▸ Task brief: Write out all records as given; omit images.

▸ Records for the exercise:

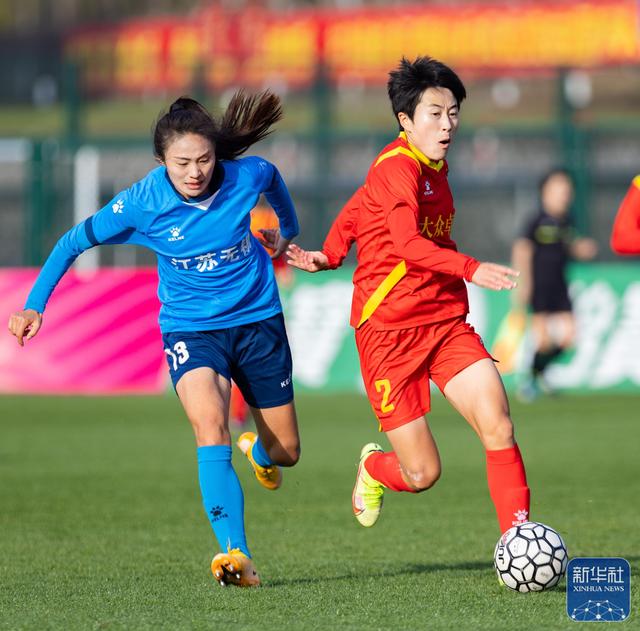 关于香港队在比赛中表现出了卓越的控球能力和精妙的传球策略的信息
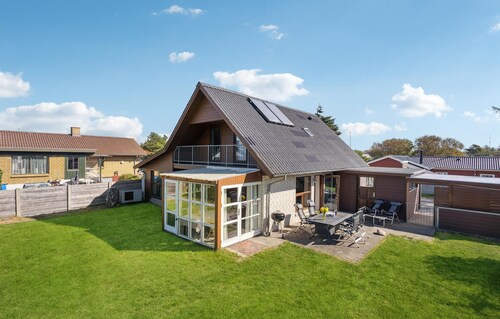 3 bedroom awesome home in Nørre Nebel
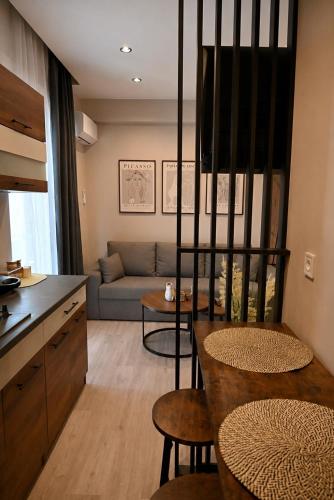 Consta's Seaview Apartments
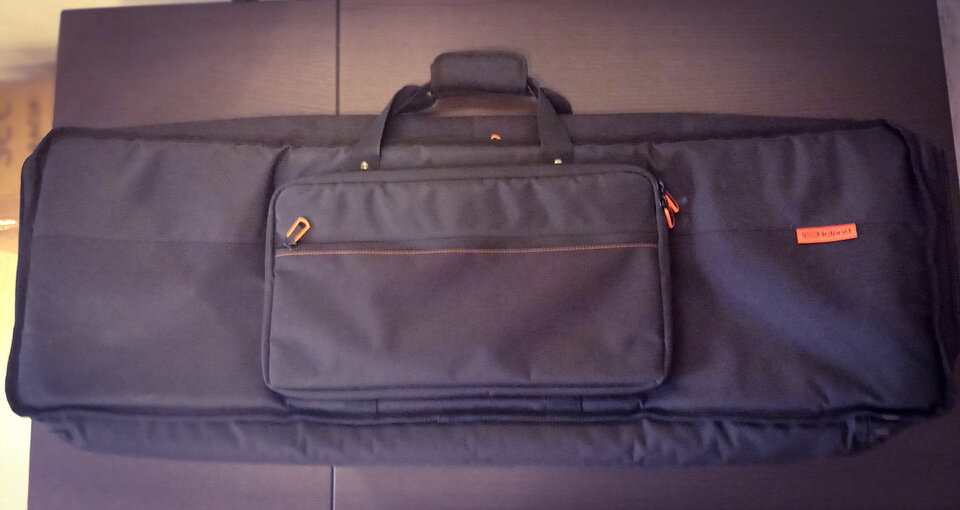 Vendo ROLAND Juno DS  61 c / funda original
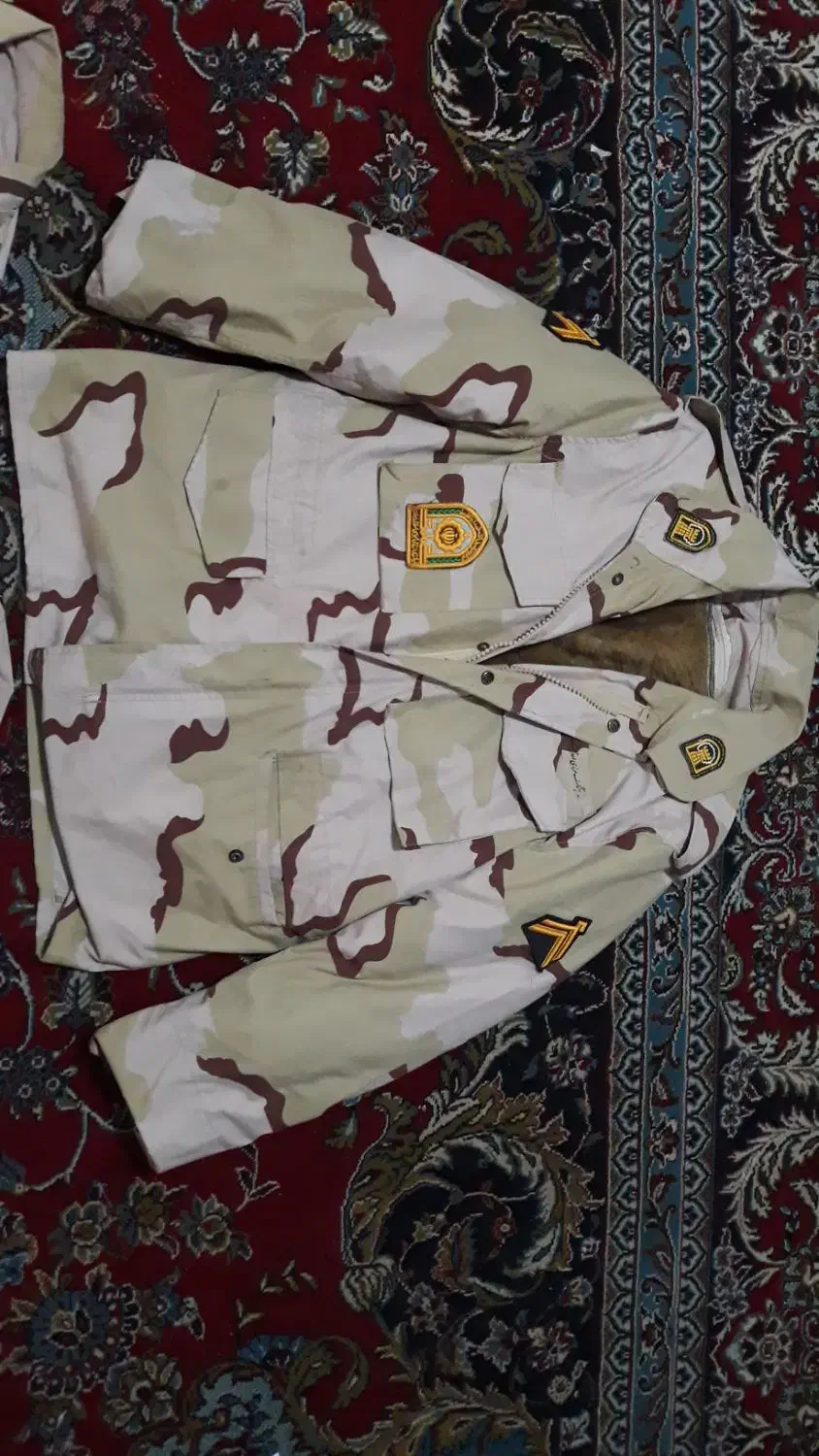 لباس نظامی اورکت مرزبانی داخل خز دار مثل کاپشن گرم|لباس|ارومیه, |دیوار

▸ Exercise solution:
 关于香港队在比赛中表现出了卓越的控球能力和精妙的传球策略的信息
 3 bedroom awesome home in Nørre Nebel
 Consta's Seaview Apartments
 Vendo ROLAND Juno DS  61 c / funda original
 لباس نظامی اورکت مرزبانی داخل خز دار مثل کاپشن گرم|لباس|ارومیه, |دیوار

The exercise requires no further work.